主人は、先代の社長である山根社長のお父様の頃、酒蔵に伺ったことがあります。美味しいものに詳しく、豪快なお人柄だったと伺っていました。
今の山根社長ときちんとお話をさせていただくのは、私は今回が初めて。
宴会の席で、『強力』の持つ独特の「酸」のそんな話をすると、山根社長は、「日本酒において酸の扱いが大事というのは、じいさんの死に際に聞いた」とのこと。
これは宴席を盛り上げる作り話のような気もしますが(山根社長らしいサービス精神の表れかな?)、味覚における「酸」の捉え方を、しっかり考えていらっしゃる蔵元であるというのはお酒を飲んで、いつも実感することです。
今回の山根酒造さん訪問は、北海道室蘭市の(株)酒本商店の酒本社長と、そのお客様たちとご一緒させていただきました。
酒本社長は一度きき酒をしたお酒は忘れないという逸話があるくらい、きき酒能力にたけていらっしゃる、大先輩の酒販店さんです(経験が大先輩で、年齢が大先輩ということではないです、念のため)。
山根社長と酒本社長のお話の中で、今期の造りで初めて山根社長が出会ったという、内田農園の方が作られた酒米の話がでました。
お父様の頃からすでに契約栽培に積極的に取り組んでいたそうで、山根社長は酒米に対するこだわりを強く持っていらっしゃいます。お米の分析データをとても研究しているようにお見受けしました。
独特のこだわり方で、粗蛋白が非常に少ないお米を作っている、内田農園さんのことを話してくださっているうちに話はどんどん進み、今の蔵元はもっとお米を作る農家に意見を言うべきだ、もっと農家と一緒に切磋琢磨するべきだという話にもなりました。

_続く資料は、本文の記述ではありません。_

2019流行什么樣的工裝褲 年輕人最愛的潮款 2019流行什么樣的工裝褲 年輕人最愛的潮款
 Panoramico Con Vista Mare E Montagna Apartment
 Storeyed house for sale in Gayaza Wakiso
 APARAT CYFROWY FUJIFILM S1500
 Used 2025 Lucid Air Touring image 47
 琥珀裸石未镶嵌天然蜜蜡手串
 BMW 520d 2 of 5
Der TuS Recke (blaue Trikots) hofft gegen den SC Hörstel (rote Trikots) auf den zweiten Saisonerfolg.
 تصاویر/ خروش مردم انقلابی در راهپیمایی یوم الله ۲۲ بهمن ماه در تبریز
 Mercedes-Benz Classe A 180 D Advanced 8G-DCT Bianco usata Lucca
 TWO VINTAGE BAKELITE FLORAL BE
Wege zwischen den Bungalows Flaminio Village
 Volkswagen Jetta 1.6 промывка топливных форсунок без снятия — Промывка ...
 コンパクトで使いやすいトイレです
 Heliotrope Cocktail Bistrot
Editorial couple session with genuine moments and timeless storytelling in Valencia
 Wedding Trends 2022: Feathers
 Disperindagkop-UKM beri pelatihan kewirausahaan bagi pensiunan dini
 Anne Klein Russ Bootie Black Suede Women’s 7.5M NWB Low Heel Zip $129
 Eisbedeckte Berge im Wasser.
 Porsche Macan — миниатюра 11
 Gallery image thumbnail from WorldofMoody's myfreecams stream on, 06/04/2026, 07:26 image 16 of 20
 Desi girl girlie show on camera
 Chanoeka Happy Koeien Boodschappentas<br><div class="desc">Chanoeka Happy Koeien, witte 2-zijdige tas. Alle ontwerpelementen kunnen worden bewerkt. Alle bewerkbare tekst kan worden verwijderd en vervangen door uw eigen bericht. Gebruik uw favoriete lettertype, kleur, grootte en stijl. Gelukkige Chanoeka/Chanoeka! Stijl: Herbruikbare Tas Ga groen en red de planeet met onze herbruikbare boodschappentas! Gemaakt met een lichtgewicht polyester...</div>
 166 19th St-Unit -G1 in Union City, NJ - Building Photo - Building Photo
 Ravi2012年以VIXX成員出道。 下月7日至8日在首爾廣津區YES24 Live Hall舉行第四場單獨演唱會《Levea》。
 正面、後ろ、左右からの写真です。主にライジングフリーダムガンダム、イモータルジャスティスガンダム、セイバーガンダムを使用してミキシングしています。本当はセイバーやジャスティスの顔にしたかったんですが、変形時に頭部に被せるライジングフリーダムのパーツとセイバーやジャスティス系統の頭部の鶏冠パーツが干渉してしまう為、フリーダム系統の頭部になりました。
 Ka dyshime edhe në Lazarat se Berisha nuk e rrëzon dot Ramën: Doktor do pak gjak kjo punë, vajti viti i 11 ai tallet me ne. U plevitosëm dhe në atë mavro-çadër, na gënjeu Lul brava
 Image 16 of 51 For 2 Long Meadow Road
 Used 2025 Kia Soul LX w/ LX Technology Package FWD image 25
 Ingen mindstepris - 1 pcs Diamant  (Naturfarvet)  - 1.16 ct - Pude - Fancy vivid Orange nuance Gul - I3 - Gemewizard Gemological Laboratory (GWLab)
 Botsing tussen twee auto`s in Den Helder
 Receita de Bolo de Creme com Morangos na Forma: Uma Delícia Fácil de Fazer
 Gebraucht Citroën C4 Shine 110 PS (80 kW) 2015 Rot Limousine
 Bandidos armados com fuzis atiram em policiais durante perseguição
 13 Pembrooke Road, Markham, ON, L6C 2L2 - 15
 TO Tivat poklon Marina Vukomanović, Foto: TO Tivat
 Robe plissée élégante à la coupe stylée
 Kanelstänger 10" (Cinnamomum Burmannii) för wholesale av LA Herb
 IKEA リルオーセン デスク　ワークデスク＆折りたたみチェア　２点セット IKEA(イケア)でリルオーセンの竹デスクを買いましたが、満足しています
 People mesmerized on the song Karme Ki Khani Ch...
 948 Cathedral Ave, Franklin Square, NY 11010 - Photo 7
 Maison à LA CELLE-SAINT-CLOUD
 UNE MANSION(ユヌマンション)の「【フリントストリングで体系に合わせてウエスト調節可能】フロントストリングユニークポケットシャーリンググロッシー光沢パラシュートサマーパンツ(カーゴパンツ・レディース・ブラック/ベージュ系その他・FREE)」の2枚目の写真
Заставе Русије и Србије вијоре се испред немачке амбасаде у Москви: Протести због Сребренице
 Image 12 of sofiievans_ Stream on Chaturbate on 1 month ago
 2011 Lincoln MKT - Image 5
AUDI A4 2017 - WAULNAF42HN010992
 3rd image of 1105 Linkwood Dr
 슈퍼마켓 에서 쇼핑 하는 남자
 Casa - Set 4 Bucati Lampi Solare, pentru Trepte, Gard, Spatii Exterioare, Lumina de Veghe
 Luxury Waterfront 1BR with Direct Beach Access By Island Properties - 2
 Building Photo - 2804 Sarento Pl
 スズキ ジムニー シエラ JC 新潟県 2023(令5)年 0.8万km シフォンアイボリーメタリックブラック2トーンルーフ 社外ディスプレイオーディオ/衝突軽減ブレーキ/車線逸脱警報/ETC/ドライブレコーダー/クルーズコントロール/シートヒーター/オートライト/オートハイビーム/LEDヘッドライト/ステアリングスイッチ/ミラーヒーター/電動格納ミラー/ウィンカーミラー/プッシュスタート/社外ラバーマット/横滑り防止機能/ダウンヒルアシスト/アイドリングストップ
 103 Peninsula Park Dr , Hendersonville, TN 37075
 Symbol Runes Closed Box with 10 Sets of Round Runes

お米を作る農家の話。私は深く考えたこともありませんでしたが、本当はもっと私たち酒販店も、知るべきことなのだなと感じました。
これだけ、酒米にこだわる山根酒造さんですから、精米は自家精米です。
「精米機でベンツが○台」と酒本社長がポツリ。うーん、ベンツと精米機。究極の選択?

▲ 内田農園の酒米 玄米の状態 |

▲ 精米機について説明をしてくださる山根社長 |
今年の新酒をタンク別にきかせていただきました。『強力』はすべて7号酵母で仕込んで、内田農園さんの山田錦で生酛も仕込んでいらっしゃいます。これからどんな風に熟成させていくのか、とても楽しみにしています。
山根社長、松崎杜氏、お忙しい中ありがとうございました。